- _The problem_:
Could you write out, exactly as they stand, only the lines in the listing below from the line with "If you have" to the line with "This is a chilled", both ends included, without the pictures?

=== Supplied data ===

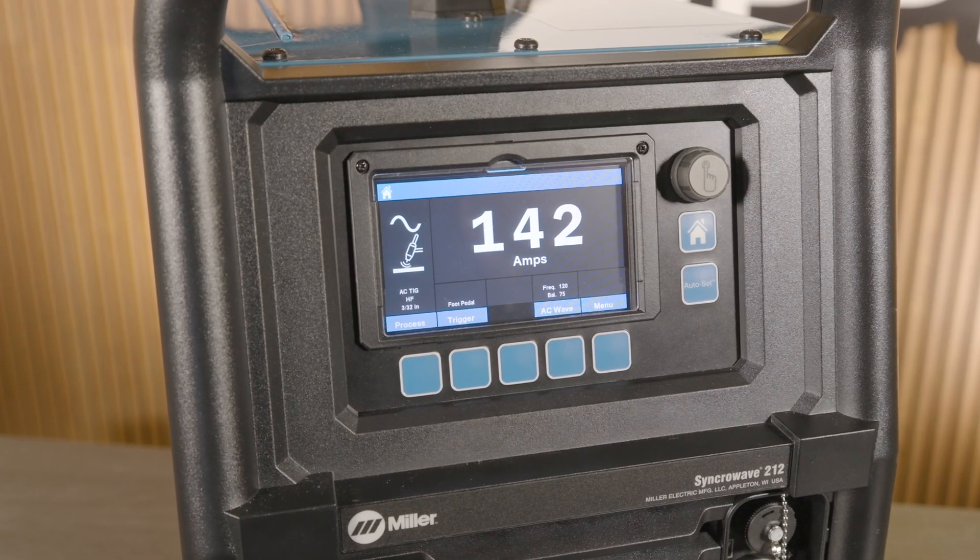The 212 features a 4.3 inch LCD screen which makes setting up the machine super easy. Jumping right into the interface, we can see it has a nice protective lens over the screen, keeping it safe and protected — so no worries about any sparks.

===
=== Supplied data ===

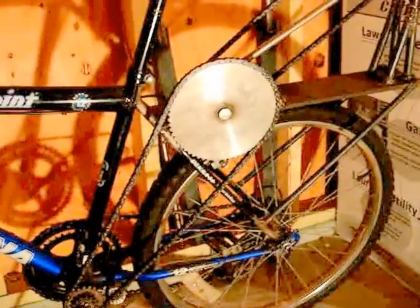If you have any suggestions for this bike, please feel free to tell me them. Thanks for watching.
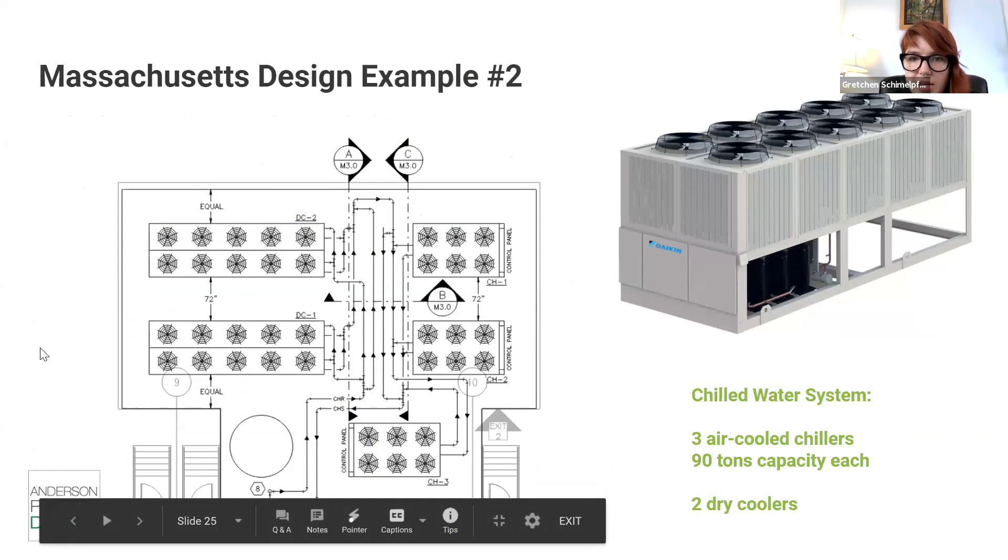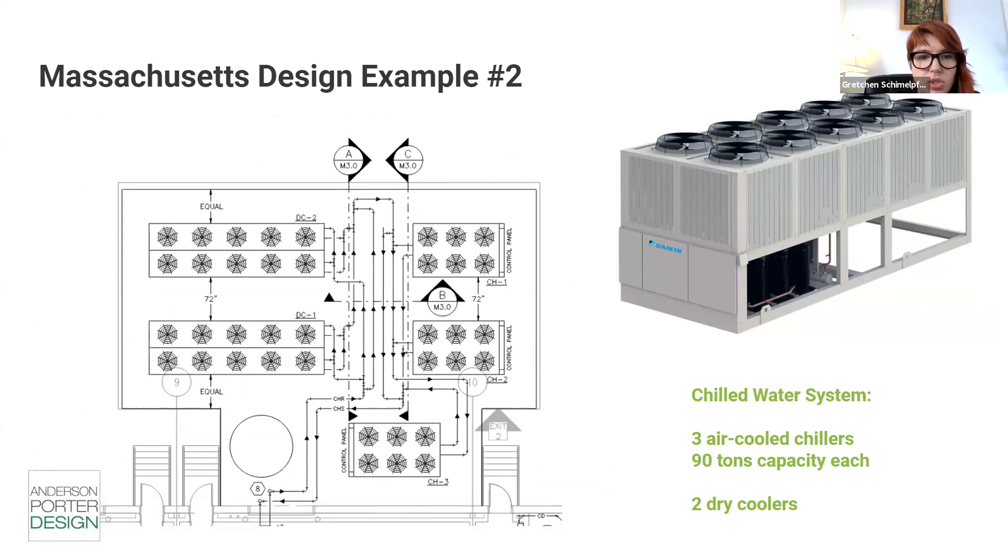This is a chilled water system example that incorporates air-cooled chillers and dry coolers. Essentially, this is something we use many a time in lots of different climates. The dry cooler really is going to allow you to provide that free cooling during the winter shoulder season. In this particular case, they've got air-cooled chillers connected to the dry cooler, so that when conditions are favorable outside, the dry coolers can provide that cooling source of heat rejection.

===

- _Exercise solution_:
If you have any suggestions for this bike, please feel free to tell me them. Thanks for watching.
This is a chilled water system example that incorporates air-cooled chillers and dry coolers. Essentially, this is something we use many a time in lots of different climates. The dry cooler really is going to allow you to provide that free cooling during the winter shoulder season. In this particular case, they've got air-cooled chillers connected to the dry cooler, so that when conditions are favorable outside, the dry coolers can provide that cooling source of heat rejection.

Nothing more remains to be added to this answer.